It should first be pointed out that the default model is quite optional, and the user is free to modify it in any form desired, eliminating “manual adjustments” if necessary. However, it can also be pointed out that the default model is in fact convertible to pure mathematical form without manual adjustments.
Consider, for example, the requirement that major and minor revisions not coincide. Coincidence could occur in the default implementation only if a minor and major revisions were simulated to coincide with the last major payment, where $\tau=\tau_{irl}^{\textrm{Ma}}=\omega_{ir}^{(m_{ir}-1)}$ (see Section 4.3.2). The df of the minor revision factor $g_{irl}^{\textrm{Mi}}$ , according to Section 4.3.3, is $F_{G|\omega,\tau}^{\textrm{Mi}}$ , in other words dependent on the epoch of the minor revision in question. The over-riding of the minor revision could be incorporated into this df by extension of the conditioning of $F_{G|\omega,\tau}^{\textrm{Mi}}$ to $F_{G|\omega,\tau,{\tau_{irl}^{\textrm{Ma}}},{\omega_{ir}^{(m_{ir}-1)}}}^{\textrm{Mi}}$ and stipulation within $F_{G|\omega,\tau,{\tau_{irl}^{\textrm{Ma}}},{\omega_{ir}^{(m_{ir}-1)}}}^{\textrm{Mi}}$ that $g_{irl}^{\textrm{Mi}}=1$ if $\tau_{irl}^{\textrm{Ma}}=\omega_{ir}^{(m_{ir}-1)}$ .

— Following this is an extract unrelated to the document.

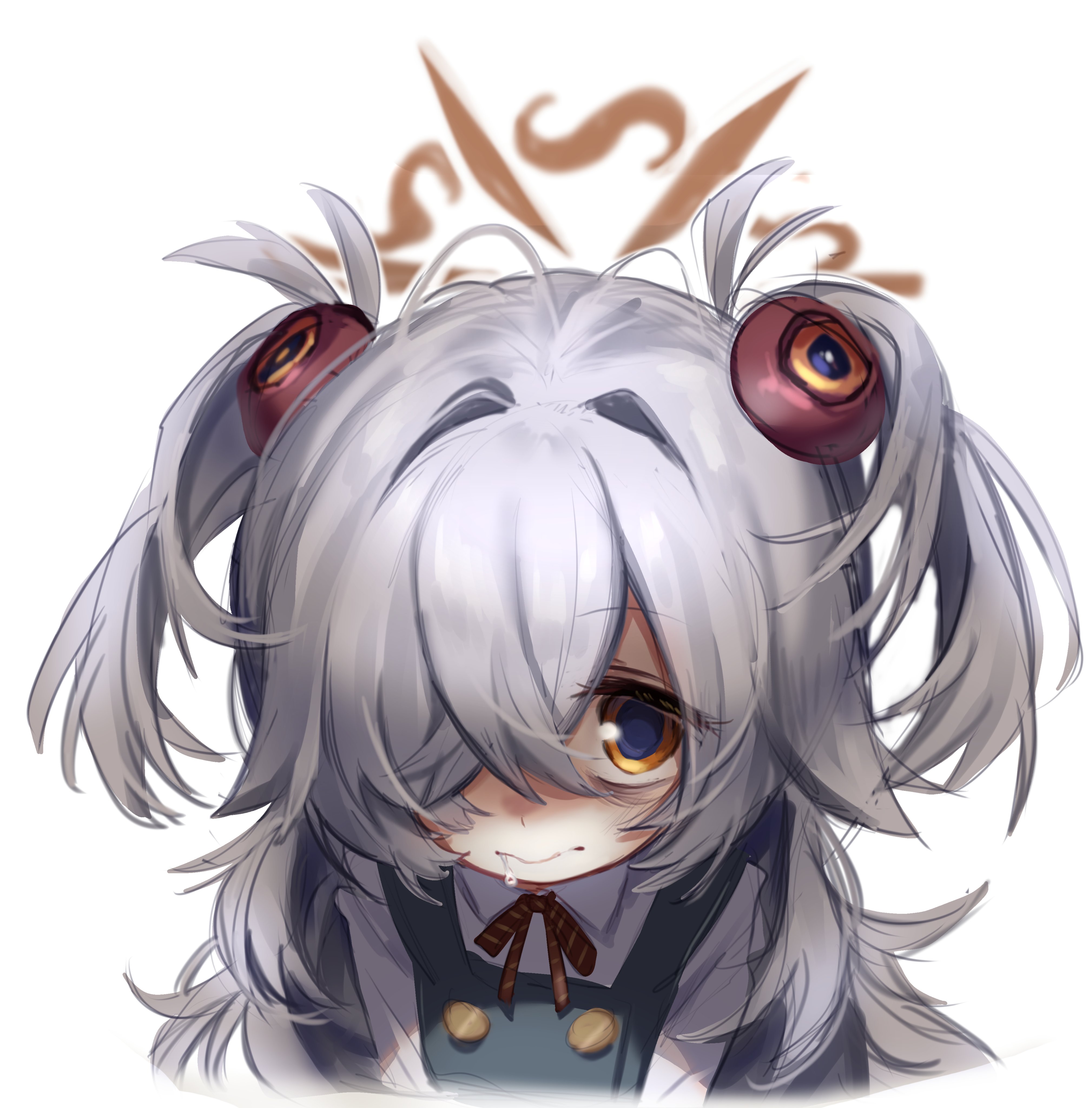 nepunepu, kanoe (blue archive), blue archive, absurdres, highres, 1girl, bags under eyes, buttons, closed mouth, collared shirt, cropped torso, drooling, eyeball hair ornament, grey hair, hair over one eye, hair ribbon, halo, long sleeves, looking at viewer, one eye covered, orange eyes, red ribbon, ribbon, shirt, simple background, solo, two side up, upper body, white background, white shirt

This is an extremely ugly expression of the model, and is not recommended for model description. It does illustrate, however, the way in which the over-riding of a minor revision by a major one can be expressed in the form of a genuine statistical model.

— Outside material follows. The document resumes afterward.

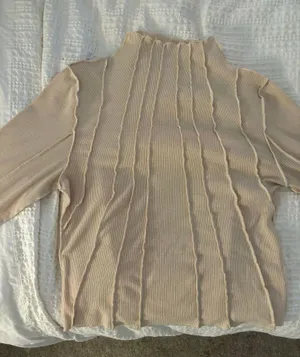 Ribbed Fall Turtleneck Tan Size M thumbnail 1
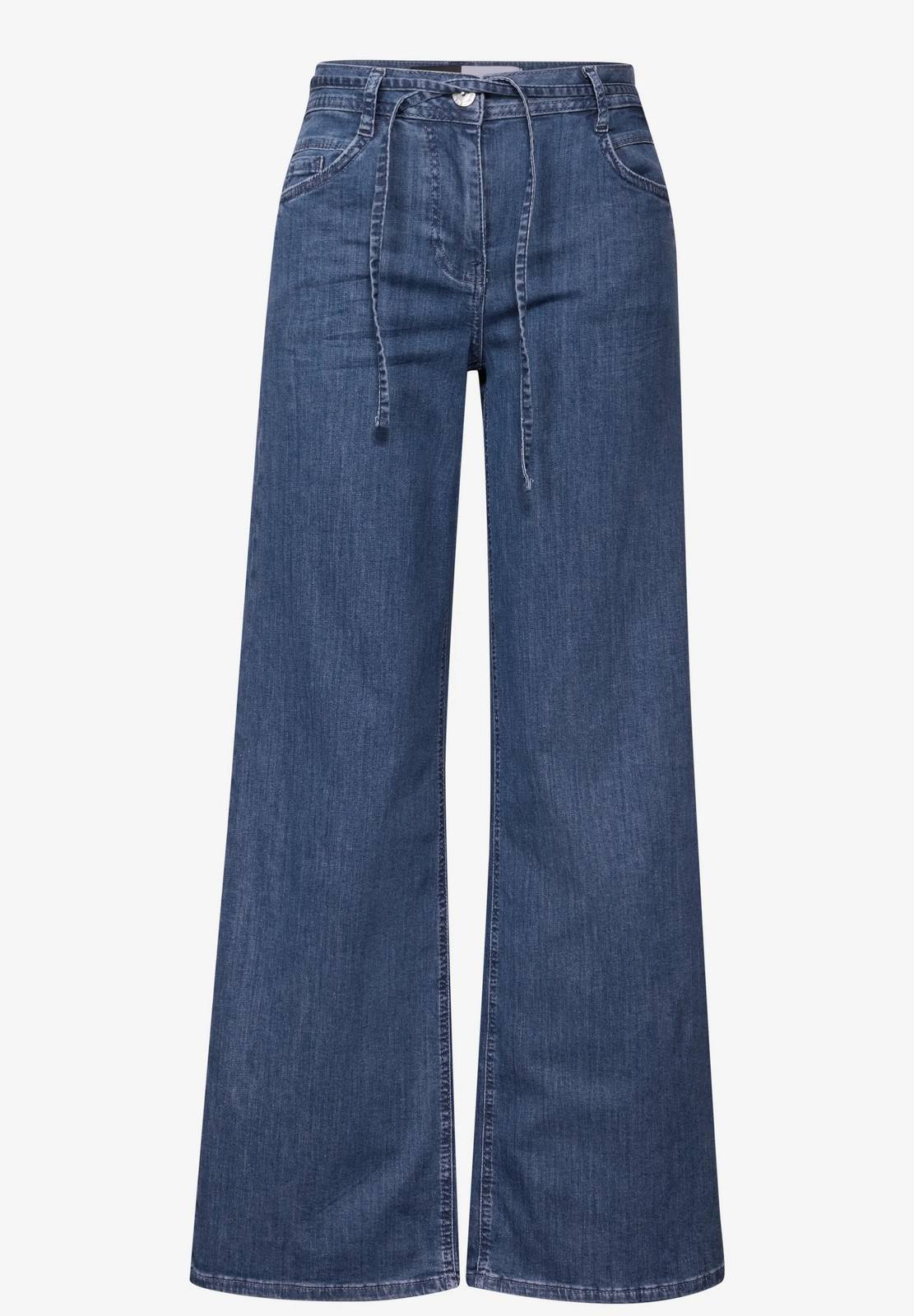 Cecil Jeans Donna A Gamba Larga Neele - Vita Alta, Lavaggio Blu, Cotone Elastico - Vestibilità Comoda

A similar device can be used to enforce the strict positivity of case estimates, as is achieved by (5)–(7). Again the device consists of expanding the conditionality of the random variable $G_{irl}^{\textrm{Mi}}$ .
4.6 Aggregation of output
Consistent with SynthETIC, SPLICE provides both individual claim and aggregate output. In the latter, transactions are aggregated by accident and development period, where the duration of the periods may be chosen to any desired level of granularity (e.g. users who choose to work with calendar months can aggregate the transactions by month, quarter, or year). SPLICE by default uses accident and development quarters. The aggregate of case estimates for any particular development quarter includes the case estimates of all relevant individual claims at the end of the quarter. If a claim’s incurred loss is revised more than once during the quarter, only the estimated incurred loss after the last of those revisions will be reflected in the aggregate. Likewise, if the user chooses to summarise the claims on a yearly level, then the claim triangles will only capture the latest estimated incurred loss at the end of each year. As an illustration, Appendix B shows the cumulative incurred loss triangle of the example implementation described in Section 5.1.

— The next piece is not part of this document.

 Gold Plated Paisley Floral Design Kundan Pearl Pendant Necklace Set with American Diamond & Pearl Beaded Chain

4.7 Out-of-bounds transactions
In this sub-section, a “transaction” includes occurrence, notification, settlement, a payment or a case estimate revision.
Sometimes, simulated transactions will take place beyond the end of the last development period. This out-of-bounds issue can potentially occur with all types of transaction (see also Avanzi et al., Reference Avanzi, Taylor, Wang and Wong2021b). SPLICE treats those cases according to the following convention.
The bounds on development periods are ignored throughout that simulation, except in any aggregation of output by development period or addition of inflation, where any out-of-bounds transactions are counted as if at the end of the limiting development period I (where development periods are numbers 1, 2, …).
In the specific case of incurred losses, the simulated epoch of occurrence of any incurred loss revision is maintained throughout the simulation of details of the claim concerned, other than in the exceptions noted below. For example, if a minor revision occurs at development time $j>I$ , and sizes of the minor revision multipliers depend on the epochs of the subject revisions, then the simulated value of j will be used in the simulation of those revision multipliers.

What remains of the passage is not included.